→ Assignment:
Write out exactly every line from the one containing "Dallas, TX 75217,671 Cedarcliff Drive" through the final line of the material below, both included. Pictures are to be skipped.

→ Data extract:
::::

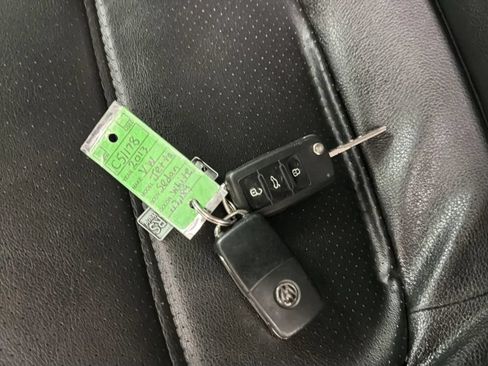 Used 2013 Volkswagen Jetta SE FWD image 27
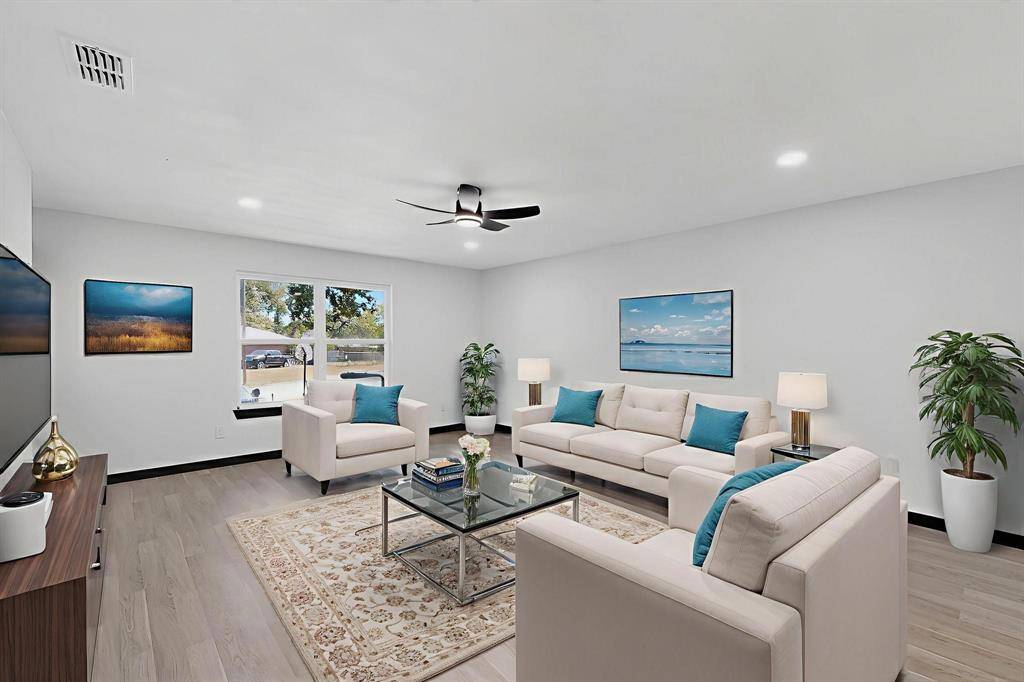 Dallas, TX 75217,671 Cedarcliff Drive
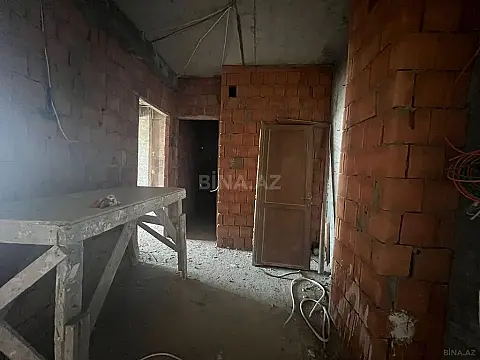 Satılır 4 otaqlı mənzil 215 m²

::::

→ Answer to this task:
 Dallas, TX 75217,671 Cedarcliff Drive
 Satılır 4 otaqlı mənzil 215 m²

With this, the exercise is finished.